When a honeybee visits a flower for nectar, it inevitably becomes covered by fine sticky grains of pollen. As can be seen in these pictures, pollen is often yellow in color. When a bee leaves on a flower covered in pollen grains and then flies to another flower, some of the pollen from the first plant is transferred to the new flower. The mixing of pollen from one plant with the ovaries of a second plant is a form of sexual reproduction.

SLIDE EARTH-3-5
This slide simply shows a high-resolution view of pollen attached to a honeybee. By viewing this picture, students should be able to see that there are often hundreds of pollen grains carried by bees from one flower to another.

SLIDE EARTH-3-6
This slide is a much more schematic illustration of the process of pollination. The beauty and fragrance of flowers, while traditionally appreciated by humans, is mainly the plant’s way of attracting insects like bees for cross-pollination and reproduction.

SLIDE EARTH-3-7
This is the first slide of two that introduces one way in which animals help plants spread their seeds. Many plants produce their seeds within a fruit that is desired by animals. Animals ingest plant seeds while consuming the fruit. The seeds have a strong protective coat that survives decomposition in the animal’s digestive tract. Thus, when the animal produces waste, the ingested seeds can be deposited on the forest floor and enter the topsoil. There, if conditions are right, the seed will sprout and grow into a new plant, perhaps very far from the plant that produced the original fruit and seeds.

SLIDE EARTH-3-8
This is simply the second slide in the set that describes how animals can help plants spread their seeds through their waste products.

SLIDE EARTH-3-9
This is the first slide of two that depicts another way in which animals help plants spread their seeds. Many plants enclose their seeds in capsules that are covered with hundreds of small, pointy barbs.
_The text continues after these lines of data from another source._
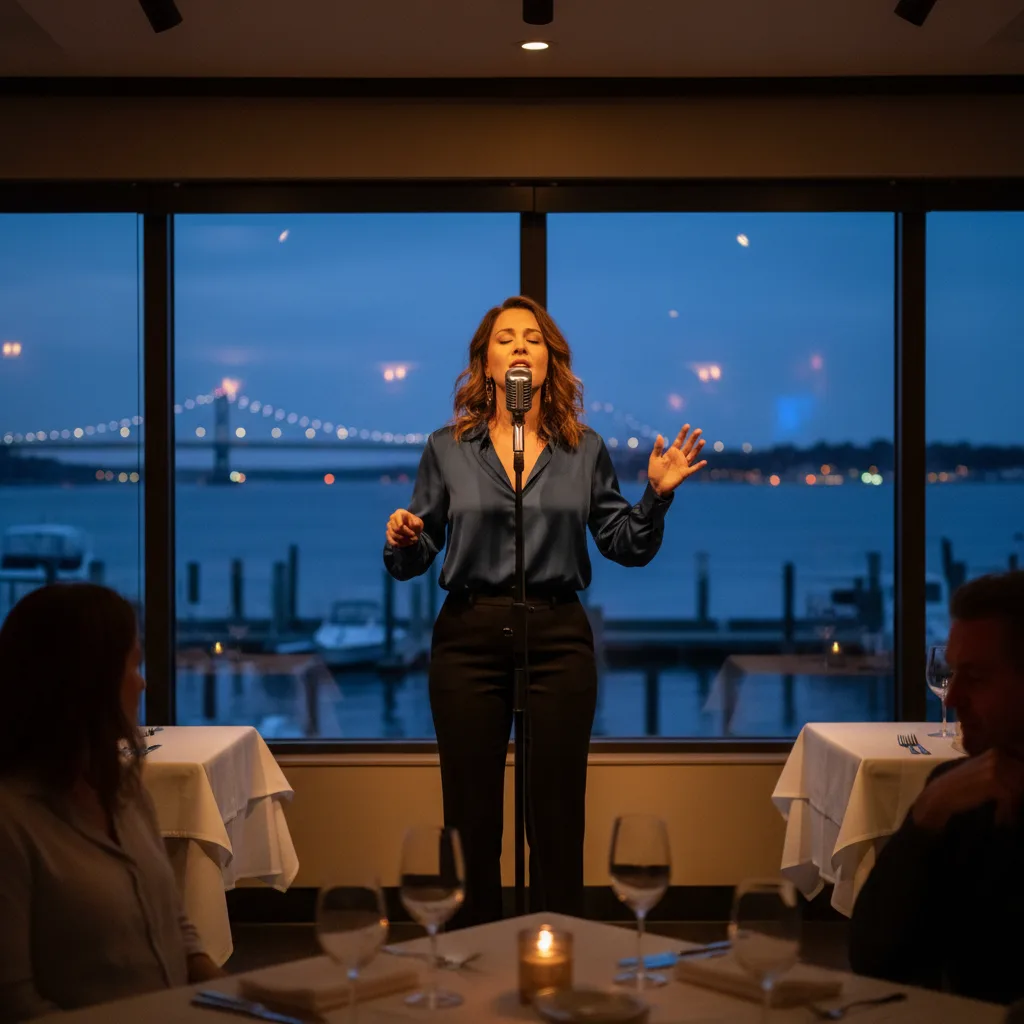 Anna Maria Villa to Perform Weekly at Vetro Restaurant 2026 – Article thumbnail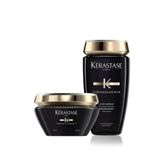 Kerastase Canlandırıcı Şampuan 250ml havyar Özlü Saç Maskesi 200ml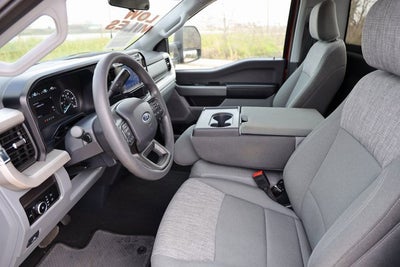 2024 Ford Super Duty F-250 SRW XL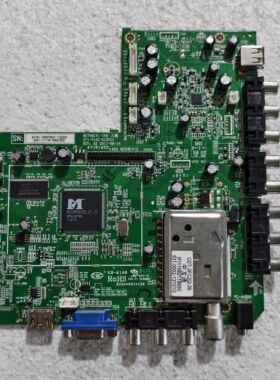 原装TCL LE32D78液晶电视主板471-01A2-61801G配屏LTA320AN01测好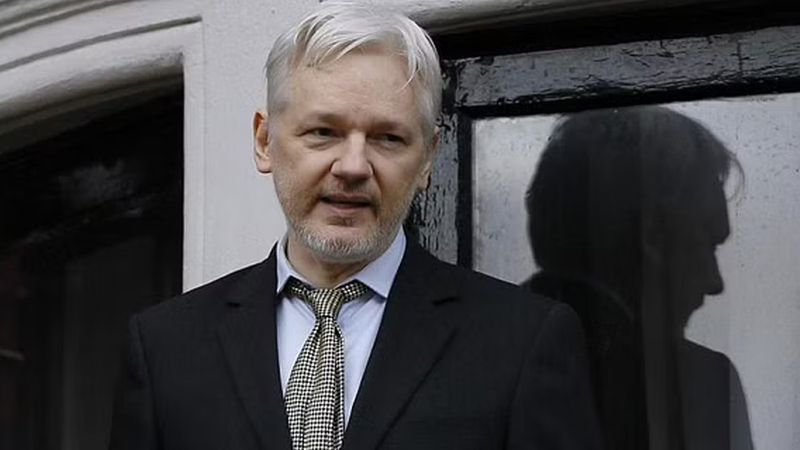 WikiLeaks founder Julian Assange takes US plea deal, walks free anr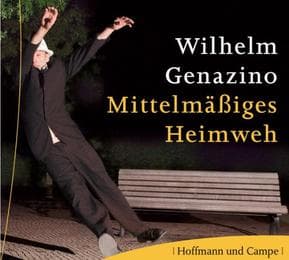 Cover von Mittelmäßiges Heimweh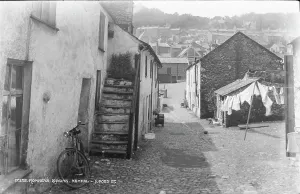 Charm Prints: Romney's Lodging in Kendal
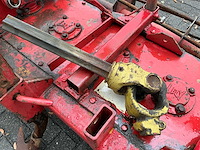 Lely 3000 rotorkopeg met egalisatiebalk - afbeelding 15 van  16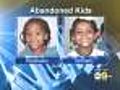2 Children Found Abandoned In Inglewood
These are also called burrs. Students may have experience with burrs during their outdoor play. They may become tightly knotted in woolen socks, for example. The same thing happens in nature when fur-covered animals (a wolf in this example) come in contact with such seeds. The burrs/seeds are then transported, perhaps great distances, by the animal until they eventually fall off or are picked off. They may then enter the soil and germinate into a new plant!

SLIDE EARTH-3-10
This is simply the second slide in the set that describes how animals can help plants spread their seeds by entrapping them in their fur. Children with dogs are often familiar with burrs and fur. Taking a dog for a walk in the wrong area can result in a great deal of effort in pulling the burrs out of their fur.

SLIDE EARTH-3-11
This slide is inserted simply as a review of the three mechanisms by which animals help plants reproduce and spread.